Purpose & Capability
concernMost code (manage_server.py, plugin_manager.py, update_paper.py, plugin_upgrade_framework.py, backup.sh, health_check.sh) is coherent with PaperMC server lifecycle/backup/plugin operations. However, the repository also contains publishing scripts (publish_skill.py, publish_to_clawhub.py) that are unrelated to runtime server management and embed an API token inside the source. These publish scripts can upload many local text files to a remote service, which does not fit the core runtime purpose of safely operating a PaperMC server and is disproportionate to the stated capabilities.
Instruction Scope
concernSKILL.md instructs operators to 'never use' direct system commands (including systemctl stop/restart) and to route operations through the approved Python scripts. Yet manage_server.py invokes systemctl (and uses sudo for service actions). That is a direct contradiction between the written safety policy and the implementation. The plugin upgrade framework performs network calls (Hangar API) and writes logs to ~/.openclaw; plugin_manager.py downloads arbitrary URLs and writes them into the plugins directory — behavior consistent with purpose but also granting broad discretion to fetch and install external artifacts. The publish scripts walk the repository and upload many files to ClawHub when run — they are not referenced as part of normal server management and could exfiltrate repository content if executed.
Install Mechanism
noteThere is no install spec (instruction-only), so nothing is automatically written during install.

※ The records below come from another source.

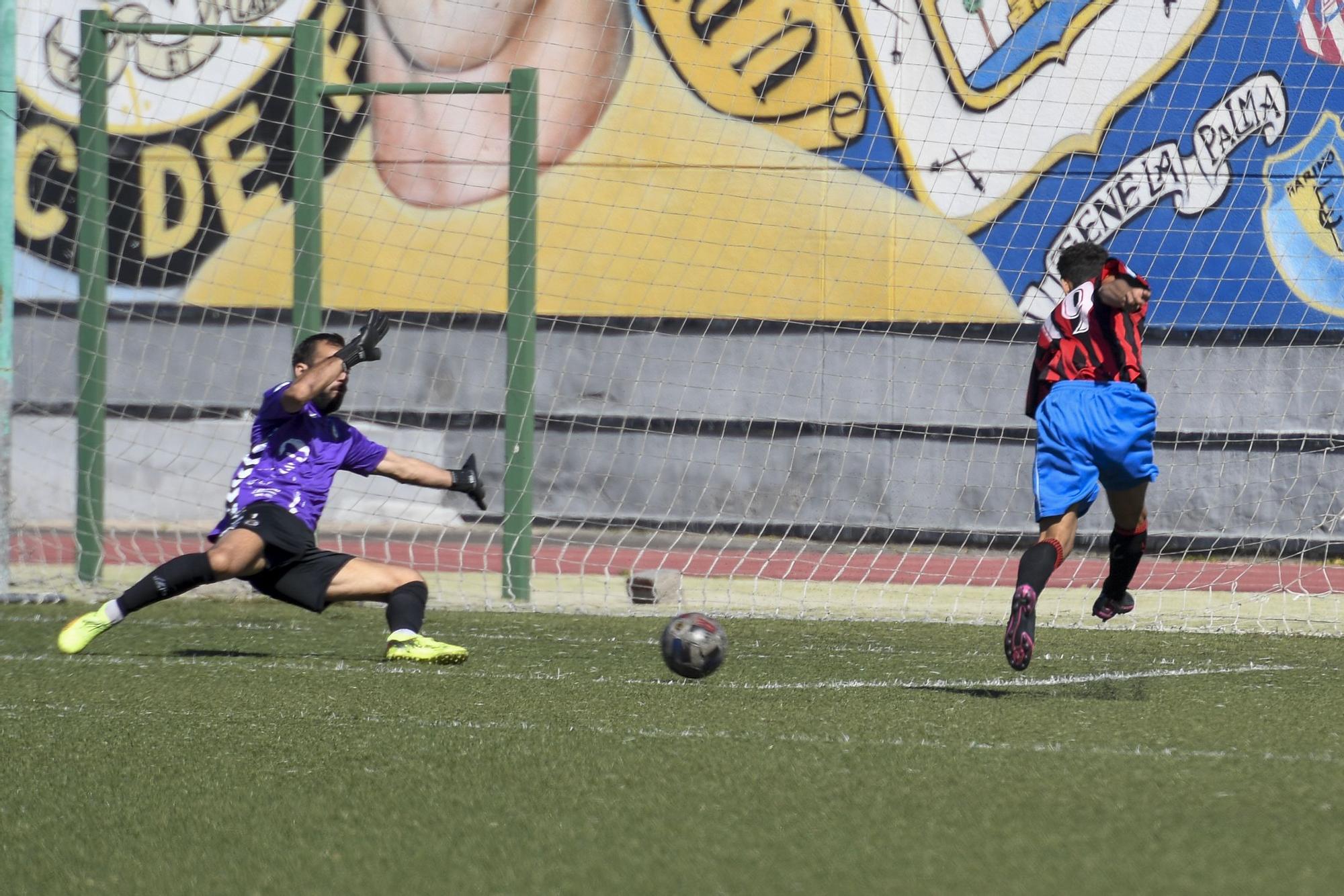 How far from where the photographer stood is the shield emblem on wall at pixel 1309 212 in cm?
1078

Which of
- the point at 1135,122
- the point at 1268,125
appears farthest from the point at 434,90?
the point at 1268,125

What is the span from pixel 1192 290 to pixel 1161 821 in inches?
316

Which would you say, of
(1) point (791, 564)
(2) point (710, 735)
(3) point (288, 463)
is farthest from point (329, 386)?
(1) point (791, 564)

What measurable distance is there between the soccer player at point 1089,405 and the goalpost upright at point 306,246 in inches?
172

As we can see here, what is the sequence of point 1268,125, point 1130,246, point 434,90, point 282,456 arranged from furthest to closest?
1. point 1130,246
2. point 1268,125
3. point 434,90
4. point 282,456

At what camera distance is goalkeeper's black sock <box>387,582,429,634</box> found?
7168 mm

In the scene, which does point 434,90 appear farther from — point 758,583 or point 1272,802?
point 1272,802

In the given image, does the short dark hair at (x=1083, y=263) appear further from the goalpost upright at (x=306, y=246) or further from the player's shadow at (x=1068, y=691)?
the goalpost upright at (x=306, y=246)

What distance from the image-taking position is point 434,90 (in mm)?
10281

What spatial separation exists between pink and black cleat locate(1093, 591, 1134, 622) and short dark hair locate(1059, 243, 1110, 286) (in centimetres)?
124

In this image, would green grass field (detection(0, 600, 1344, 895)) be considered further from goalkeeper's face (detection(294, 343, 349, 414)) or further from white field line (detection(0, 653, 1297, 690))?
goalkeeper's face (detection(294, 343, 349, 414))

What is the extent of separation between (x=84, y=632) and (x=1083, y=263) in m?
4.22

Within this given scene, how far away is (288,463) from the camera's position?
7.27 meters

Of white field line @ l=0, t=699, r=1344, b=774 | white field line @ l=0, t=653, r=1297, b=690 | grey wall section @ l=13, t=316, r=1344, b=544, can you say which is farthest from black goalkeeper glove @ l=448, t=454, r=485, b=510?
grey wall section @ l=13, t=316, r=1344, b=544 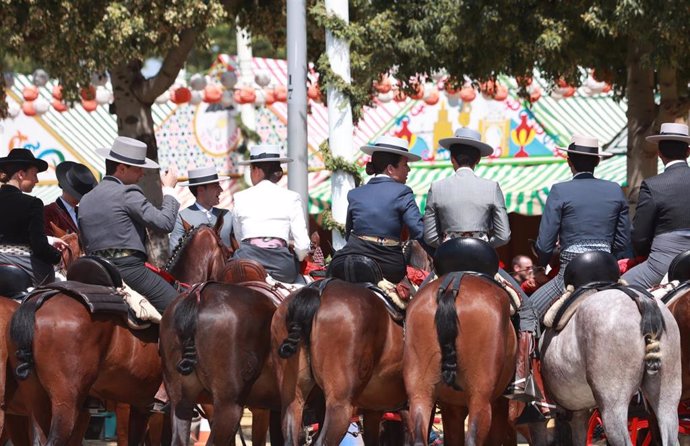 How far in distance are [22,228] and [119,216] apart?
96 centimetres

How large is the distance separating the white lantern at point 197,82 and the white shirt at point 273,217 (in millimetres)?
13126

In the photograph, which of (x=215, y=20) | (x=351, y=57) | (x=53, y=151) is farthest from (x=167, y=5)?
(x=53, y=151)

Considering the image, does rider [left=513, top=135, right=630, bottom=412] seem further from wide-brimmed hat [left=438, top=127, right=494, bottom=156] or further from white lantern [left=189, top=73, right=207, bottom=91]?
white lantern [left=189, top=73, right=207, bottom=91]

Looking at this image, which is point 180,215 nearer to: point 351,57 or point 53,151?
point 351,57

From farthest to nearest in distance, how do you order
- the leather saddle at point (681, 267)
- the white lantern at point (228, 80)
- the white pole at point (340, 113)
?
the white lantern at point (228, 80)
the white pole at point (340, 113)
the leather saddle at point (681, 267)

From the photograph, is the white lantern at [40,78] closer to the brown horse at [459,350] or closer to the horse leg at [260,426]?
the horse leg at [260,426]

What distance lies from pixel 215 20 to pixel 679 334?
8969 mm

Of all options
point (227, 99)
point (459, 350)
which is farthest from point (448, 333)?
point (227, 99)

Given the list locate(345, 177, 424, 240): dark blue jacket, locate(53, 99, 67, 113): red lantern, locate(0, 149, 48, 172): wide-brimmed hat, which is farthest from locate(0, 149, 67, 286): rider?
locate(53, 99, 67, 113): red lantern

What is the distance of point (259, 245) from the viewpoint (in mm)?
10992

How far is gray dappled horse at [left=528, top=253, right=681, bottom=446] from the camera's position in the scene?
8859 millimetres

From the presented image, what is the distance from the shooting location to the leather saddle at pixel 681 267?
998 cm

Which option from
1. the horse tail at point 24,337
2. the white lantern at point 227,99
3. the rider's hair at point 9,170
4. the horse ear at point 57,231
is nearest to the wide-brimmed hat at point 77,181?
the horse ear at point 57,231

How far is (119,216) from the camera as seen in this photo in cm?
1038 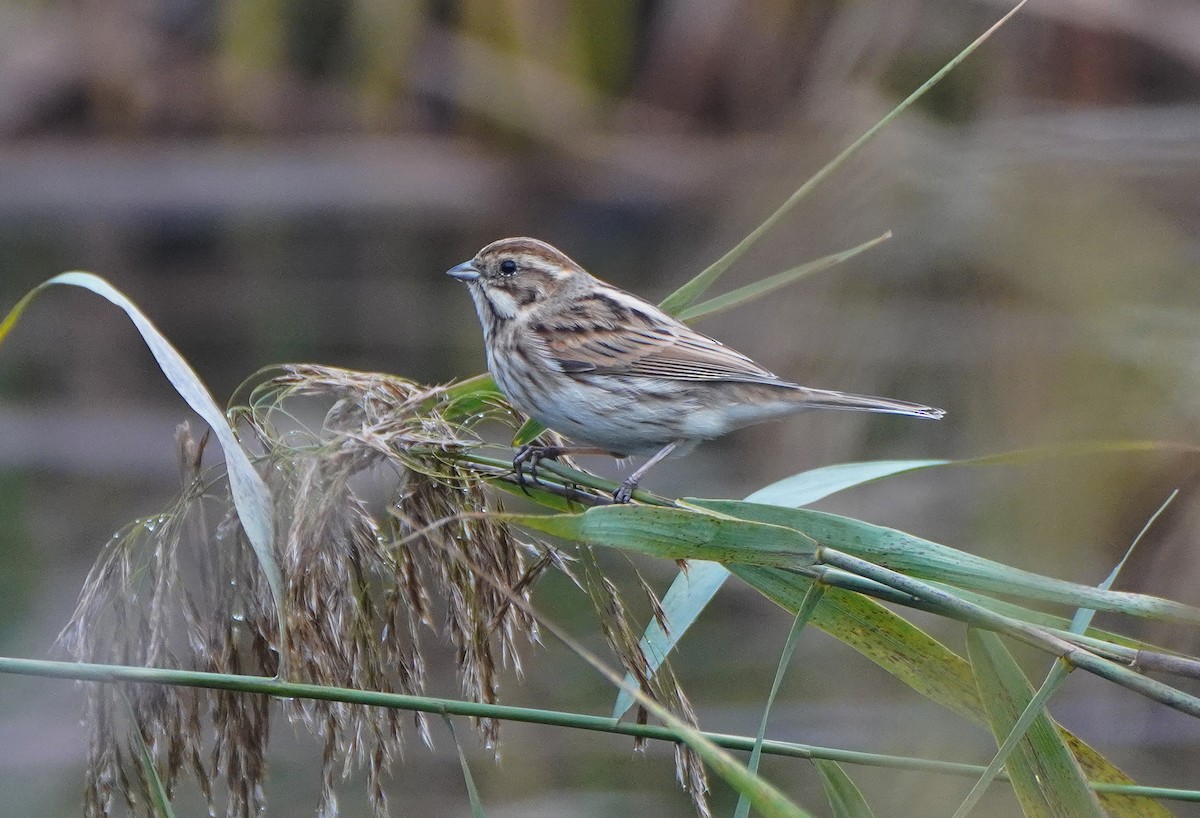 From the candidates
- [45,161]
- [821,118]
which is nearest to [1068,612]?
[821,118]

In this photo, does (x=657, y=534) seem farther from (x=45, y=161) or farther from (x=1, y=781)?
(x=45, y=161)

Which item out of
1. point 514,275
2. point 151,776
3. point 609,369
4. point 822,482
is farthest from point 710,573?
point 514,275

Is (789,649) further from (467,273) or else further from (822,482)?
(467,273)

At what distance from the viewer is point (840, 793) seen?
1774 millimetres

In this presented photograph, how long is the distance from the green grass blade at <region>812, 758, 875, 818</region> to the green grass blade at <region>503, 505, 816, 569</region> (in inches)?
11.8

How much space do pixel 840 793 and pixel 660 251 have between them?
628 centimetres

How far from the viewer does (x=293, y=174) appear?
795 centimetres

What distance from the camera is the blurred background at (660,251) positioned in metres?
4.95

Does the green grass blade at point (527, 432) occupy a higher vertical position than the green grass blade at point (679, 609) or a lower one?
higher

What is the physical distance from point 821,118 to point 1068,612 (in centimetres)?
258

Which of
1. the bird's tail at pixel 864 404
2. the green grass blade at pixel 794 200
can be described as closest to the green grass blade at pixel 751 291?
the green grass blade at pixel 794 200

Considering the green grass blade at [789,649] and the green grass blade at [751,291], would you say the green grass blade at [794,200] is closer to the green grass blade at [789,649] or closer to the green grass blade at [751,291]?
the green grass blade at [751,291]

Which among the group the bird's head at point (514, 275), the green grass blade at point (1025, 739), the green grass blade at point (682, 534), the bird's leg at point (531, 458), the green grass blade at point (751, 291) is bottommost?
the green grass blade at point (1025, 739)

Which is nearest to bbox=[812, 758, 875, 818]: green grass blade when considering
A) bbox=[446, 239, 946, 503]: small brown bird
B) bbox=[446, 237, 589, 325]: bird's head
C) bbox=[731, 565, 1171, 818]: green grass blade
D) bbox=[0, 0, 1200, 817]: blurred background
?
bbox=[731, 565, 1171, 818]: green grass blade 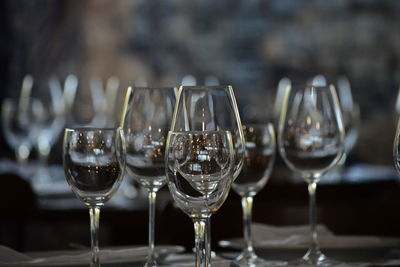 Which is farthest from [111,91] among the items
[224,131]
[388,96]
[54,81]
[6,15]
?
[224,131]

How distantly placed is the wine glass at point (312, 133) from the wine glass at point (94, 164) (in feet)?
1.25

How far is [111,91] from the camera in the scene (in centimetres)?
762

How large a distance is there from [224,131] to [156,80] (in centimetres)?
702

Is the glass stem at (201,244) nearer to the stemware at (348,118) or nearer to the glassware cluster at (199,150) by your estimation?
the glassware cluster at (199,150)

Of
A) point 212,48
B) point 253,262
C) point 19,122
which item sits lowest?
point 253,262

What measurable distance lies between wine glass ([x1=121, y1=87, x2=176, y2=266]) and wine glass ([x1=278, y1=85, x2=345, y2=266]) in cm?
23

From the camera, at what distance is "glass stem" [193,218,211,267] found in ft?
4.02

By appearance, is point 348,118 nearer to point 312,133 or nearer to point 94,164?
point 312,133

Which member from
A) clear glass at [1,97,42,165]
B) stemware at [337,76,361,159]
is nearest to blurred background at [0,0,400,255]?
stemware at [337,76,361,159]

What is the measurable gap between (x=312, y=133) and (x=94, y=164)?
1.45 feet

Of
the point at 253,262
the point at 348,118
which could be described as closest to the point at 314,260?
the point at 253,262

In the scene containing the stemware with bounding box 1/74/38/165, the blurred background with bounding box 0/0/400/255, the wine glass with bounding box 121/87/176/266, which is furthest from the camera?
the blurred background with bounding box 0/0/400/255

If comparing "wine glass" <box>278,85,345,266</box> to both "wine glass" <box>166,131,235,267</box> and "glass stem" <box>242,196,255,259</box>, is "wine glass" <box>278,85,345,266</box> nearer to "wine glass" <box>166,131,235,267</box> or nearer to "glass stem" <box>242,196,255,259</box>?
"glass stem" <box>242,196,255,259</box>

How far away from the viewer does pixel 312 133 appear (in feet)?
5.33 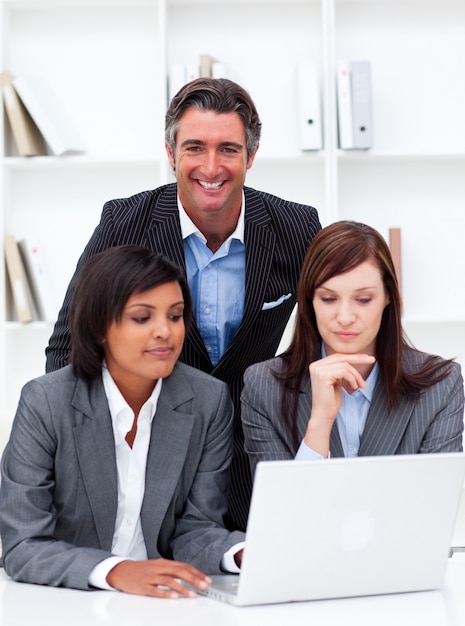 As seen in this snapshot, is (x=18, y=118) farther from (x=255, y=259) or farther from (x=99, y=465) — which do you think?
(x=99, y=465)

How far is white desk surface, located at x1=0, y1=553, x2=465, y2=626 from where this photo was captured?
53.8 inches

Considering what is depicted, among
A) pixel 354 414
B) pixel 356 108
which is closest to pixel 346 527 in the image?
pixel 354 414

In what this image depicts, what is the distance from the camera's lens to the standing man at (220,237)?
7.23ft

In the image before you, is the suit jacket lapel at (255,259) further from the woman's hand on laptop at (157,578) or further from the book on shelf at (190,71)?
the book on shelf at (190,71)

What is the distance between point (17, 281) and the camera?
3.75 meters

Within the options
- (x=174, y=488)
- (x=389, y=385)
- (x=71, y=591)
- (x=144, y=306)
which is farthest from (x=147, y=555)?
(x=389, y=385)

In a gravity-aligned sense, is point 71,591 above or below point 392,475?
below

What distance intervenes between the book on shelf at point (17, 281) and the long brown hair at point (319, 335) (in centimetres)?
190

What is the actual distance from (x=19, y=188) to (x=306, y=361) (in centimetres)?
227

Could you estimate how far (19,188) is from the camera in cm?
398

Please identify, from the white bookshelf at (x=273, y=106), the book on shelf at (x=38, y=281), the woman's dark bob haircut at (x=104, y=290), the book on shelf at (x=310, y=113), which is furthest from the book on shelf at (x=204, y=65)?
the woman's dark bob haircut at (x=104, y=290)

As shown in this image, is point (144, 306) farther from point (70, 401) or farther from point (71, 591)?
point (71, 591)

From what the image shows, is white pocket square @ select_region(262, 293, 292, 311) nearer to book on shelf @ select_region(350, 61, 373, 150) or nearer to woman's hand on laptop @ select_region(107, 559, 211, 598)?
woman's hand on laptop @ select_region(107, 559, 211, 598)

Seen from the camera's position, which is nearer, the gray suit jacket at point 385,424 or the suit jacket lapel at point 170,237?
the gray suit jacket at point 385,424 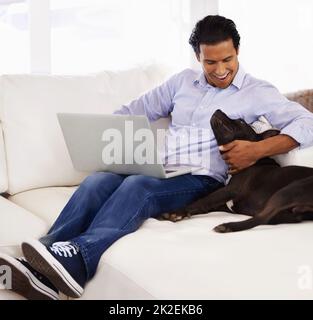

However, the skill includes many executable code files that the user (or agent) can run. Some scripts (publish_skill.py) rely on external Python packages (requests-toolbelt) not declared in SKILL.md. No remote installers or downloadable archives are used, which lowers installation risk, but presence of runnable publish/upload scripts increases the effective attack surface if run.
Credentials
concernThe registry metadata declares no required environment variables or credentials, but publish_skill.py and publish_to_clawhub.py contain a hard-coded API_TOKEN (clh_kZ-...). Embedding an API token in code is a secret-management anti-pattern and creates an exfiltration/abuse risk if those scripts run. Scripts also assume sudo/systemctl privileges (manage_server.py uses sudo systemctl) which require elevated OS privileges not declared or constrained by the skill metadata. plugin_upgrade_framework.py writes logs to the user's home directory and uses network calls to third-party APIs (hangar.papermc.io).
Persistence & Privilege
okThe skill is not marked always:true, and there is no evidence it attempts to persistently enable itself in other skills or system-wide configurations. It creates application-level directories and writes logs under ~/.openclaw, which is within expected scope for a management tool. Autonomous invocation is allowed by default (disable-model-invocation=false) — this is platform default and not flagged by itself.